**Aim of the exercise**
Repeat the entire listing exactly. Omit all pictures.

**Supplied records**
· · · · · · ·

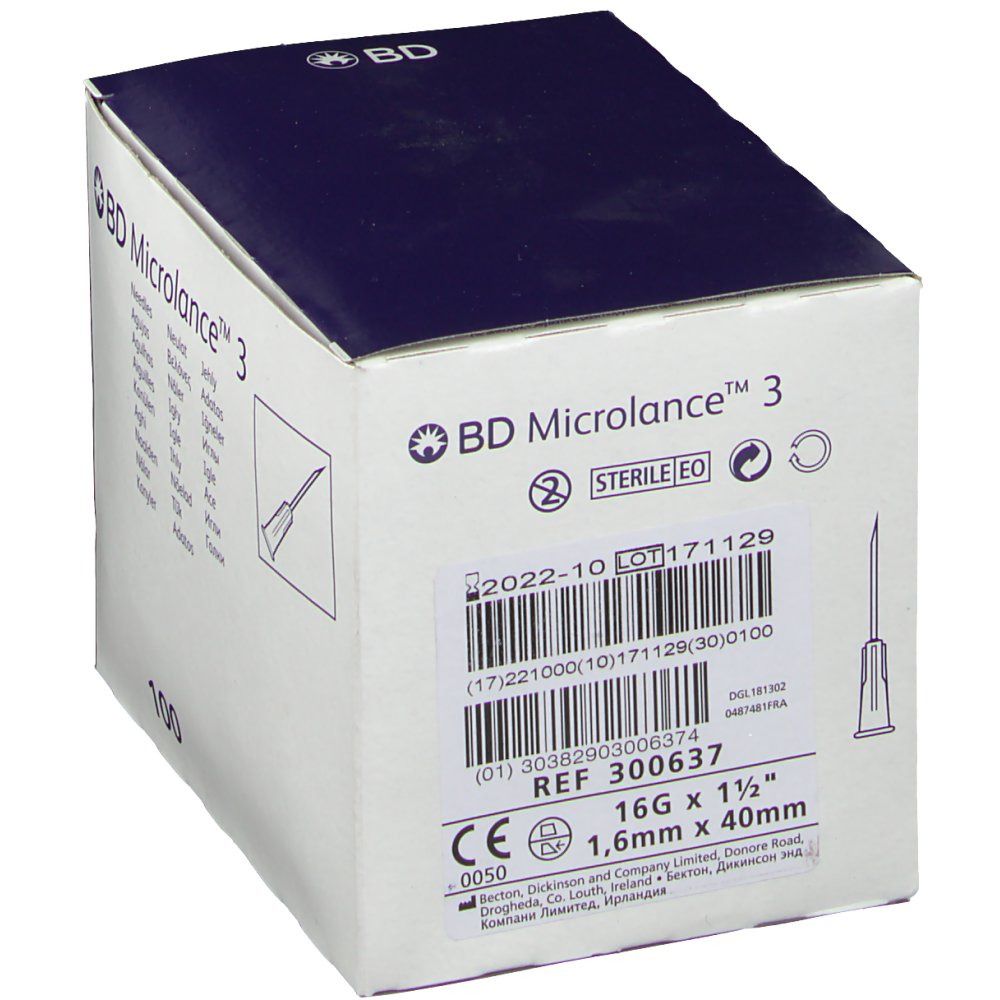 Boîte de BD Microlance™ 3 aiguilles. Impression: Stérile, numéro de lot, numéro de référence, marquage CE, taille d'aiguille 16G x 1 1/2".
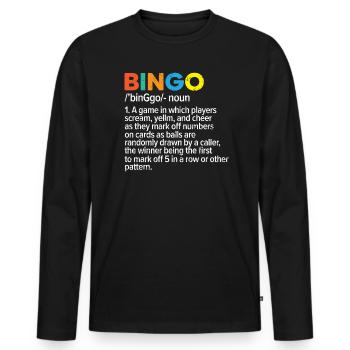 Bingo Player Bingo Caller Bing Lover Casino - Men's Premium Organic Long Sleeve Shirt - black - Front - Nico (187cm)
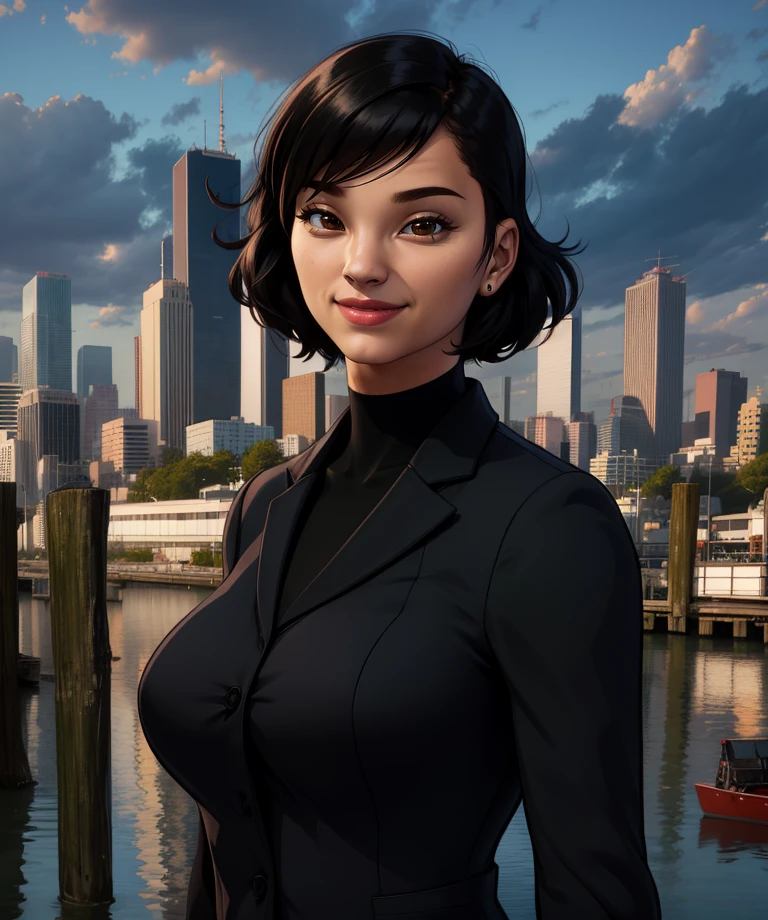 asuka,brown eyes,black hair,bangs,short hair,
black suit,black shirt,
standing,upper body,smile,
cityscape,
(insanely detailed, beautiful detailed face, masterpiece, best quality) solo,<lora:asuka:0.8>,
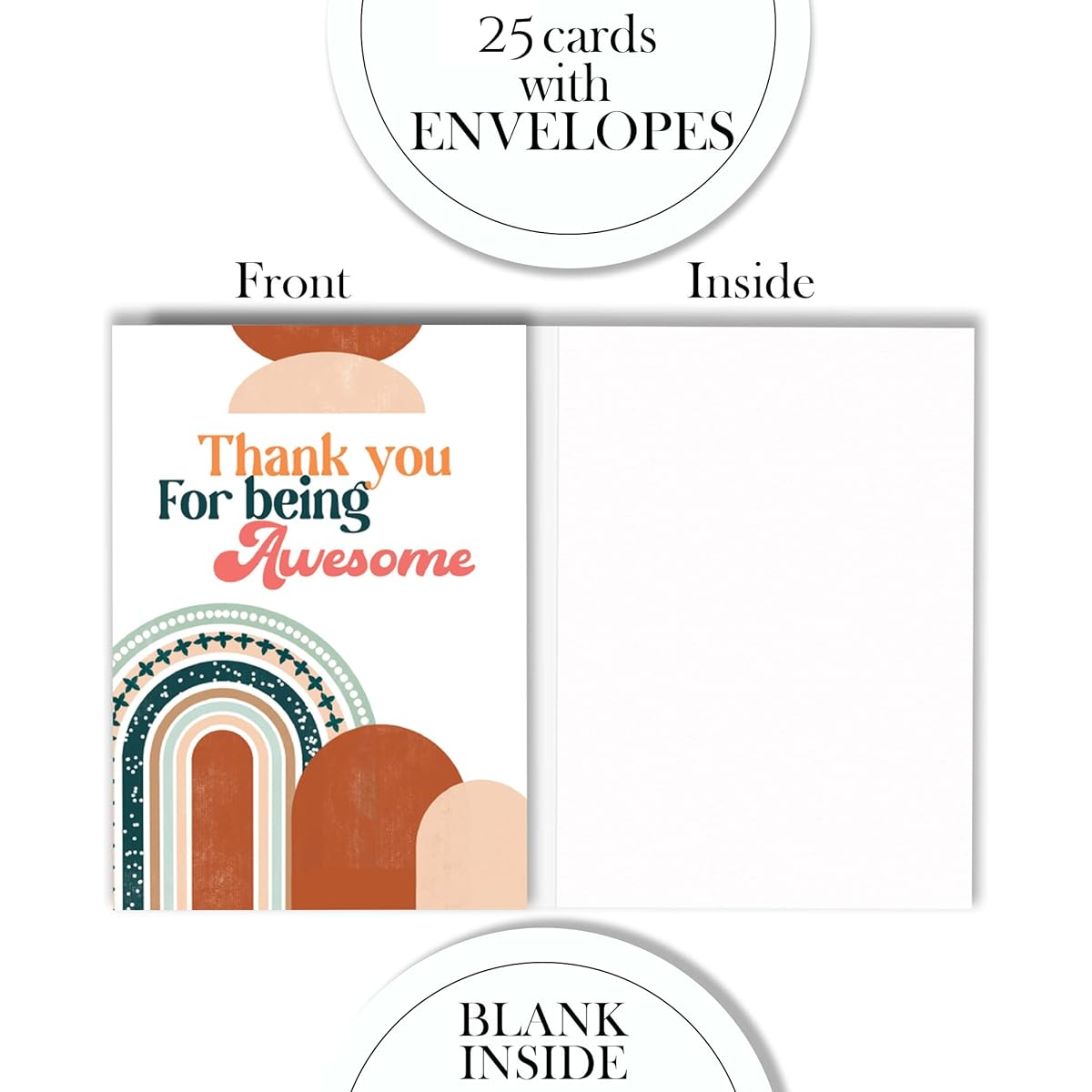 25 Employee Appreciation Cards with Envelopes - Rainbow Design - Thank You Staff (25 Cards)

· · · · · · ·

**Solution for this task**
 Boîte de BD Microlance™ 3 aiguilles. Impression: Stérile, numéro de lot, numéro de référence, marquage CE, taille d'aiguille 16G x 1 1/2".
 Bingo Player Bingo Caller Bing Lover Casino - Men's Premium Organic Long Sleeve Shirt - black - Front - Nico (187cm)
 asuka,brown eyes,black hair,bangs,short hair,
black suit,black shirt,
standing,upper body,smile,
cityscape,
(insanely detailed, beautiful detailed face, masterpiece, best quality) solo,<lora:asuka:0.8>,
 25 Employee Appreciation Cards with Envelopes - Rainbow Design - Thank You Staff (25 Cards)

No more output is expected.